Jacksonville including all of Duval County has a density of 1,133.9 people per square mile. Atlanta might have a density of 4,019.7 ppsm, but the Atlanta Metro Area, roughly analogous to Duval County (the extent of JTA) is actually 629.4 ppsm.
Truth be told, there really is no formula of density = schedule headways. The fact is the supposed formula is trotted out by the anti-transit crowd to prove that (name any project) won't work. Every single city and every MSA has it's own unique set of population v mobility challenges. Take Orlando for example, because of lakes, 4 onetime military reservations and insanely rapid growth, you have a metro of 2,000,000 plus, with what amounts to a single main highway. It really doesn't matter how dense the population is along the east or west edges of Orlando, if your going north or south, where the main employers are, your going on I-4. Though Orlando's density is 2,134 ppsm, that entire population is forced into very few extremely crowded corridor. Atlanta has the same type situations, nobody is building apartments on top of Stone Mountain, Kennesaw Mountain, Sweetwater Creek State Park or Lake Lanier, thus each corridor around those places is likely to be much denser then the average square mile of ground.
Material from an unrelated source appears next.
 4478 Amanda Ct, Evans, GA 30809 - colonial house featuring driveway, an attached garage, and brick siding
Some cities that are much smaller might have highly successful transit operations, St. Augustine, Gainesville and Stillwater, Oklahoma are just 3 examples. Note that I didn't say 'profitable' or 'cover the cost of operations,' successful equals popular, punctual, clean, efficient, progressive, aggressive, in-demand, welcome and welcoming, mass transit. Gainesville and Stillwater both operate in cities dominated by major university's, St. Augustine has a large centrally located college and just short of 7 million visitors a year, tourism that creates a demand for thousands of service level jobs. Success isn't so much that these cities have been somehow 'blessed' with a successful 'excuse' for being winners, as it is that they recognised these demographics and responded to them.
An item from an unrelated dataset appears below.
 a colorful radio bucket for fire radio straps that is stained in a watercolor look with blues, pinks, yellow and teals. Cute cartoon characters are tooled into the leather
Jacksonville grew up on the railroad, even as a teen in Jacksonville there were little flag stop stations all over the county... Greenland, Bayard, Sunbeam, South Jacksonville, Yukon, Springfield, Whitehouse, etc.. Further the city has grown up around it's river port and it's military presence creating unique crisscrossing corridors connecting the dots and strung along railroad lines, past (such as Atlantic, Beach, Wonderwood) as well as current. Our US Highways and our Interstates ALL follow historical railroad corridors. Lastly you have to factor in the miles and miles of nothing between Cecil Commerce Center and the county line near Callahan, or the miles of empty marsh between Little Talbot Island and North Main Street. Using our historic corridors as your measure and you come up with a much denser city, denser in fact then many cities with rail based metros.
To over simplify the problem in Jacksonville, JTA simply has failed to respond to the needs and historical travel patterns in Jacksonville. Ultimately JTA fails across the board, it is not popular, punctual, clean, efficient, progressive, aggressive, in-demand, welcome or welcoming.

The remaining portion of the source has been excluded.